| Activity |
Retype every entry below without any change.

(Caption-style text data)
>>>

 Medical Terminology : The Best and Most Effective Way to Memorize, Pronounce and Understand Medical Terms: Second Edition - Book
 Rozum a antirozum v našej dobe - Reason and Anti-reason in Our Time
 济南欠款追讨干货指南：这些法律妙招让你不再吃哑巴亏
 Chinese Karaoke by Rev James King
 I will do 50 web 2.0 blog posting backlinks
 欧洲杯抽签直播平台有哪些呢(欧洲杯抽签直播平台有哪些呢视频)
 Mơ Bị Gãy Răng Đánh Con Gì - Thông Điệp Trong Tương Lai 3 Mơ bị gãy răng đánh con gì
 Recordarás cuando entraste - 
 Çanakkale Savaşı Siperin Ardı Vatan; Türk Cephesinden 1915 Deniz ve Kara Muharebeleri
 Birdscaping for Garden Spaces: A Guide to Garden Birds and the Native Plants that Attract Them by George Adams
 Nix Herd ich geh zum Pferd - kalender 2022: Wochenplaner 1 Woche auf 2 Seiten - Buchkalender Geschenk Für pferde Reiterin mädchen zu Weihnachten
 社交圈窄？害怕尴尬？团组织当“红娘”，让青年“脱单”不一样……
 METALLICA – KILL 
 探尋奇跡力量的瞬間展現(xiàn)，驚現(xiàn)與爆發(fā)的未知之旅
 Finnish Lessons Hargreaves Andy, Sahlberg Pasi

<<<

| Answer to the exercise |
 Medical Terminology : The Best and Most Effective Way to Memorize, Pronounce and Understand Medical Terms: Second Edition - Book
 Rozum a antirozum v našej dobe - Reason and Anti-reason in Our Time
 济南欠款追讨干货指南：这些法律妙招让你不再吃哑巴亏
 Chinese Karaoke by Rev James King
 I will do 50 web 2.0 blog posting backlinks
 欧洲杯抽签直播平台有哪些呢(欧洲杯抽签直播平台有哪些呢视频)
 Mơ Bị Gãy Răng Đánh Con Gì - Thông Điệp Trong Tương Lai 3 Mơ bị gãy răng đánh con gì
 Recordarás cuando entraste - 
 Çanakkale Savaşı Siperin Ardı Vatan; Türk Cephesinden 1915 Deniz ve Kara Muharebeleri
 Birdscaping for Garden Spaces: A Guide to Garden Birds and the Native Plants that Attract Them by George Adams
 Nix Herd ich geh zum Pferd - kalender 2022: Wochenplaner 1 Woche auf 2 Seiten - Buchkalender Geschenk Für pferde Reiterin mädchen zu Weihnachten
 社交圈窄？害怕尴尬？团组织当“红娘”，让青年“脱单”不一样……
 METALLICA – KILL 
 探尋奇跡力量的瞬間展現(xiàn)，驚現(xiàn)與爆發(fā)的未知之旅
 Finnish Lessons Hargreaves Andy, Sahlberg Pasi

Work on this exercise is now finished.